Review: BRASS, Union Theatre  ImageEn route to Ypres, one passes military cemeteries, white stones punctuating the grey vista of the flat, muddy lands of Picardy and Flanders. Even the smallest of those gated burial grounds is affecting, but that feeling is amplified beyond comprehension on arrival in the Belgian town, in contemplation of the Menin Gate, names etched into the white marble in lists that keep coming.

In such circumstances, it's hard to connect each name, each stone to the man who once bore it. The initial pang of seeing ages like 18, 19, 20 and thinking of oneself in such reckless, carefree years, giving way to the inevitable searches for one's own surname or a counting of Smiths or Patels (plenty of both). If each new generation is to learn the lessons of the Great War and do honour to those who fell, those men need to live again, to be given back their hopes and fears, to be found not in cold stone, but in warm families.

Benjamin Till's Brass, commissioned by the National Youth Music Theatre in 2014, does that - the men are boys again, the women girls. "It could have been me" is a powerful tool in shrinking a century of time to the distance of a few rows of seats and, if the musical has some flaws, they're forgiven for that primary objective's complete achievement.

Much of Till's book follows familiar lines for anyone with even a little knowledge of the trenches. There's the lads signing up for Pals regiments and marching off with the whiff of adventure in the air, side-by-side with your mates. There's the shell-shock as the world's first industrial war's mincing machine cranks into action; there's the closeness of living in a trench, with its lice and rats for company; and there's the longing for home.

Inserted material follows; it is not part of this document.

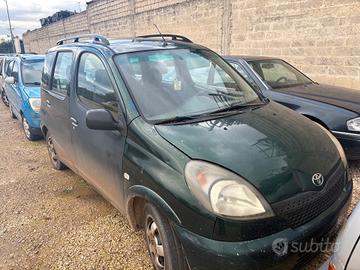 RICAMBI TOYOTA YARIS VERSO 1.3 BENZINA ANNO:2001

What is different about this show is a much greater focus on the girls back in Blighty, many of whom are teenagers as innocent and lively as the sweethearts and husbands they waved off. The munitions factory workers detect the whiff of women's suffrage in the air, lose husbands and gain lovers, growing up quickly because they must - they too spring to life as people like you and me.

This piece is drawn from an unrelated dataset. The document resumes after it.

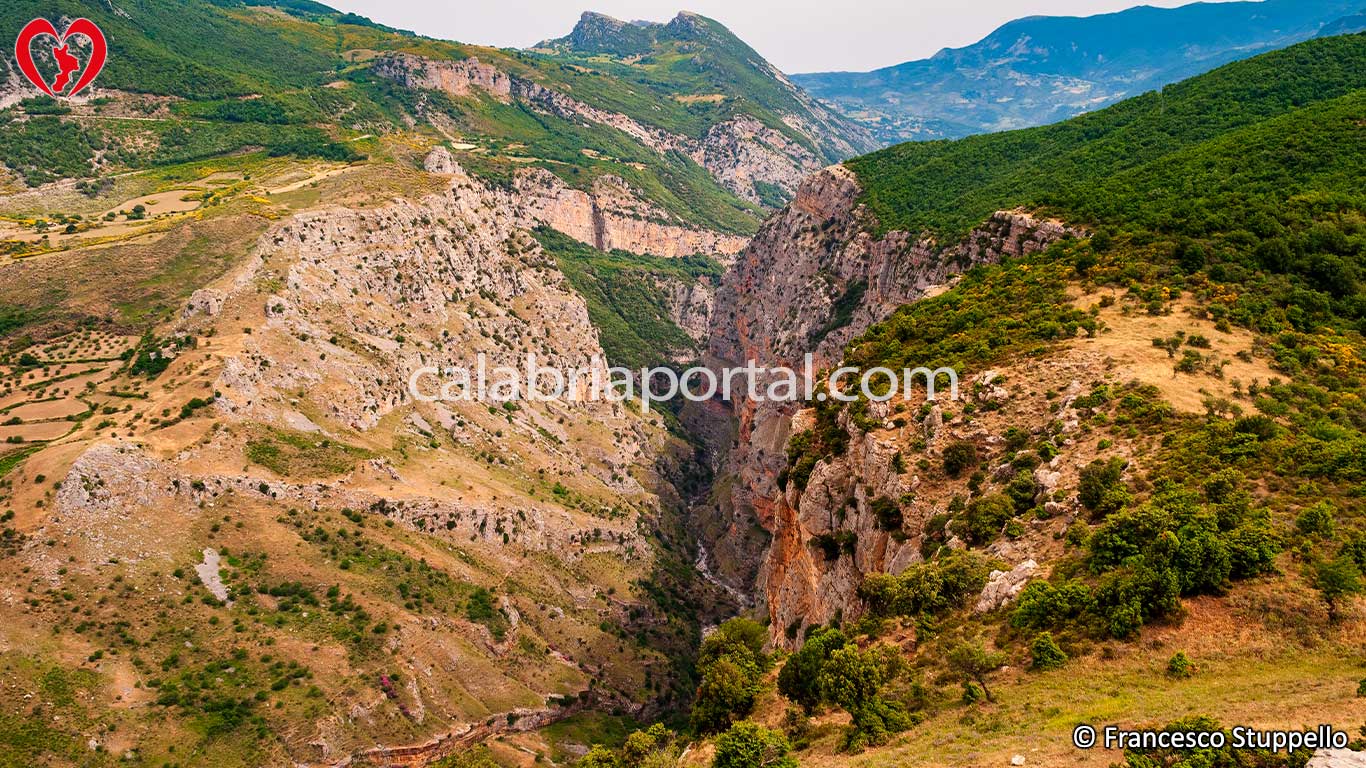 Gole del Raganello viste dalla Timpa del Demanio Gole del Raganello viste dalla Timpa del Demanio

If the northern accents wobble a little and the splendid idea of basing the plot around a brass band wrenched from Leeds and dropped on to the banks of the Somme while the women at home maintain their spirits by forming their own parping combo, is a little underused, the ensemble piece gives plenty of opportunity for some very talented singers to shine. And, casting directors please note, all these young musician-actors can play and can sing - not always the case, even in London.

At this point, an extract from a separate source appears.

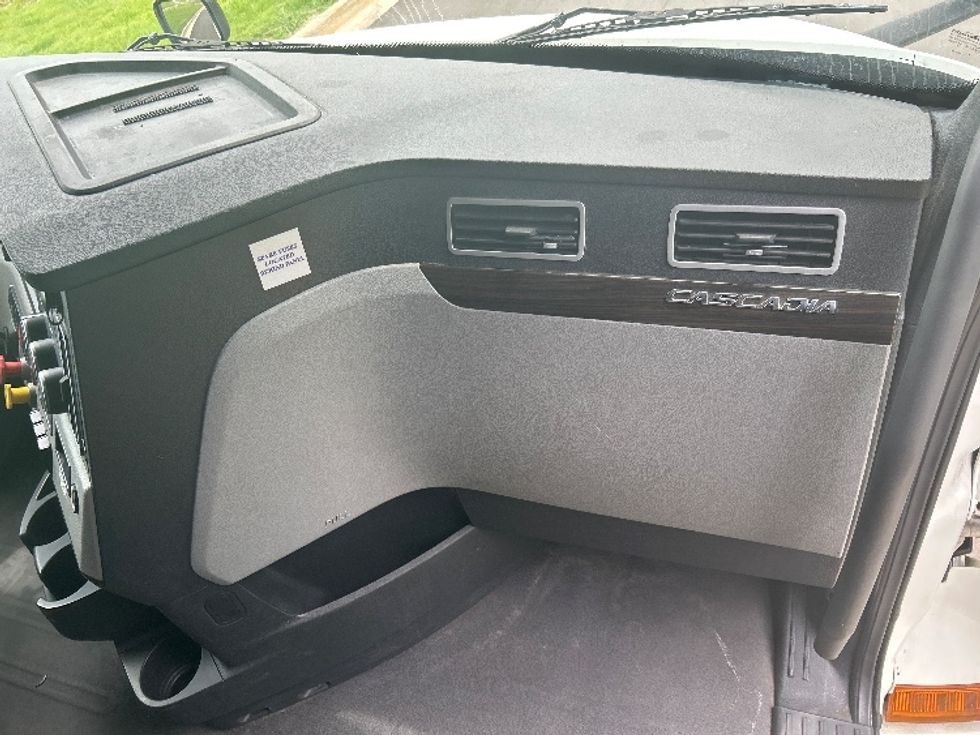 Sleeper Tractor-Heavy Duty Tractors-Freightliner-2019-T12664ST-Hattiesburg-MS-788,952\n\t\tmiles-$ 43,500 - Image 14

Standouts include Emma Harrold, whose Eliza finds the man for her through letters sent back from the trenches, and Sam Kipling, whose leadership of the band carries over to leadership in the field, no matter the cold hierarchy of the donkeys in charge.

The music is provided primarily by Henry Brennan bashing away at a single piano, an arrangement that suits this intimate space perfectly and if the score is never less than pleasant, it lacks a showstopper (the big ballads that might have been 11 o'clock numbers curiously packed into the middle of a long show). Tremendous work too from Penn O'Gara, whose costumes are just so, and director, Sasha Regan, who never loses sight of the need to entertain as well as to educate.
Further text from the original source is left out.